[Start of Attachment]

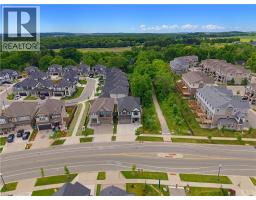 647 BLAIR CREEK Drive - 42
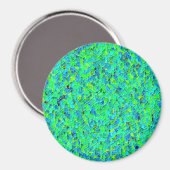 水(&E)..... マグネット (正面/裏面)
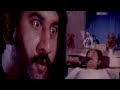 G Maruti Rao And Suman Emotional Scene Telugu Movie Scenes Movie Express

[End of Attachment]
[Start of Attachment]

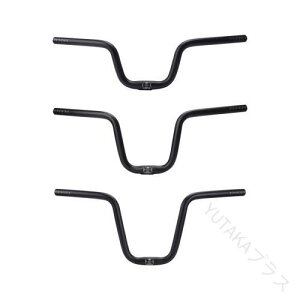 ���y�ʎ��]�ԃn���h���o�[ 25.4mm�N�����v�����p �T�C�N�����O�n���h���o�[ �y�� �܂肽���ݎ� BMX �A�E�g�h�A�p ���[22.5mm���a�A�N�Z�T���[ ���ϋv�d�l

[End of Attachment]
[Start of Attachment]

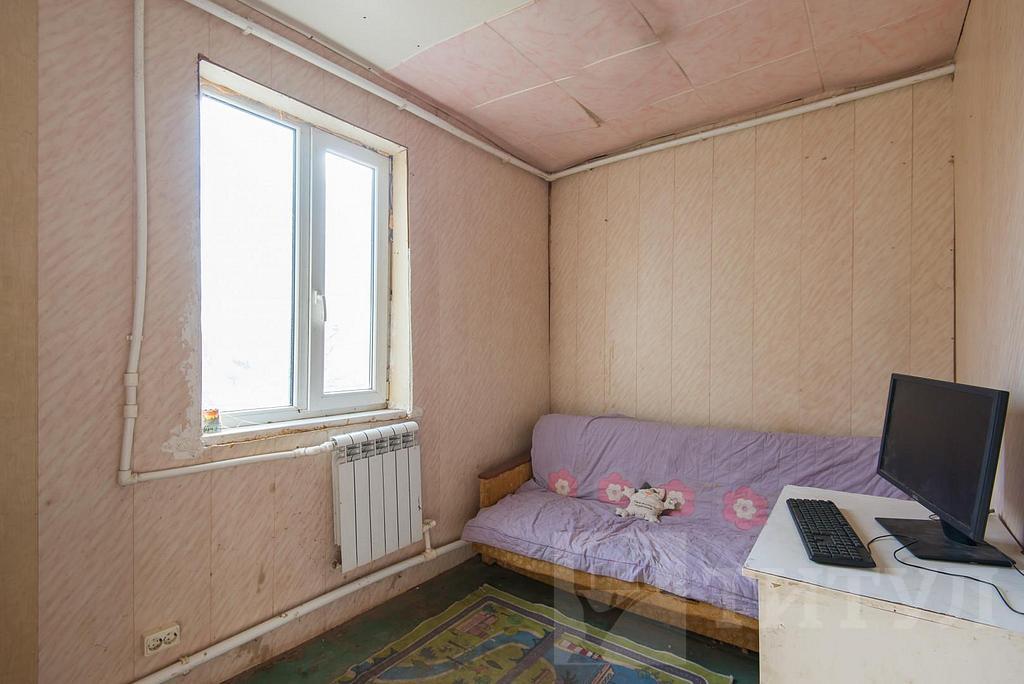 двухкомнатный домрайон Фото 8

[End of Attachment]

> [Problem to work on]: Everything above from the line containing "647 BLAIR CREEK Drive - 42" down to the line containing "G Maruti Rao" is to be duplicated exactly, both lines included, and the pictures are to be omitted.

> [Answer to this exercise]:
 647 BLAIR CREEK Drive - 42
 水(&E)..... マグネット (正面/裏面)
 G Maruti Rao And Suman Emotional Scene Telugu Movie Scenes Movie Express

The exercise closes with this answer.